One of the biggest job-search mistakes you can make is to play it safe. The more you look and sound like every other job seeker, the worse your job search experience will be.

The best way to get overlooked by employers is to brand yourself like an anonymous clone, put up with every kind of job search abuse and agree to every obnoxious demand an employer makes of you. This strategy will extend your job search, destroy your mojo and get you a lousy job. In short, it doesn't work very well!

My son has a hedgehog named Rocky. When Rocky gets spooked (and he gets spooked easily), he curls up into a ball. Then you can't see his face or his little soft belly. All you see is a ball of outward-facing spines.

Job seekers tend to do the same thing. They curl up into a ball and then all you can see of them is a public face -- on LinkedIn, in the job-seeker's resume and even in an interview conversation with them -- that doesn't resemble the real person at all. It's a protective shell.

Employers hire real people. They don't hire bundles of skills and certifications.

If someone wants to hire you mostly because they like your credentials, I don't want you to work for them. If they're hiring you because of your resume rather than because of who you are, it means they're afraid of getting in trouble for making a hiring mistake and they figure your resume makes you a "safe" hire. You can't afford to work for a fearful manager like that!

You deserve to work for someone who gets you (the person) way beyond whatever is on your resume. You and your hiring manager need to resonate at the same frequency or it's not going to work out -- and if you've ever worked for the wrong person, you know what I mean.

Job seekers are afraid to stand out, but standing out is the most important part of your job search.

I'm not talking about bragging. Boasting about yourself is the most fearful thing you can do. It screams desperation. That's why resumes with language like "Seasoned senior multi-skilled executive with outstanding leadership abilities" go right into the trashcan. Anybody can brag about themselves. Truly confident people wouldn't dream of doing that.

They simply tell their story and let the reader decide whether or not it's impressive. They don't stoop to praise themselves -- and neither should you.

If you want to stand out in your job search and attract the right people (simultaneously repelling the wrong people, the best way to avoid wasting your time with folks who will never deserve your talents) here's how to do it:

1. In your LinkedIn profile

A confident, non-boilerplate LinkedIn profile uses the word "I" and a conversational tone throughout. Not every recruiter or manager will like your human tone -- so what? You don't need everyone to like you.

2. In your resume

Your resume can also use the word "I" and complete sentences, rather than done-to-death sentence fragments like "Motivated self-starter." What does that even mean? You get motivated by exciting things, like everyone else. Tell us what you get excited about!

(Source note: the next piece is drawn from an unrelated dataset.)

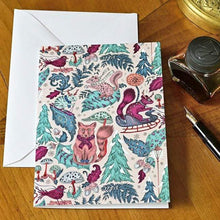Lade das Bild in den Galerie-Viewer, Weihnachtskarte mit Umschlag / Waldtiere Weihnachtskarte Kunsthandel Rueckeshaeuser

3. In your networking conversations

The world's worst answer to the casual networking question "What do you do professionally?" is "I'm job-hunting; know anyone who's hiring?" You are much more than a lowly, needy job seeker. You are a professional, and you are a consultant -- whether you've ever thought of yourself that way or not.

Decide which area you want to consult in, and then you can answer the question "What do you do?" like this: "I've been in supply chain management for years, and now I consult in that area." Then you can have a real conversation. "Oh! That's interesting. What are the big topics in supply chain management these days?"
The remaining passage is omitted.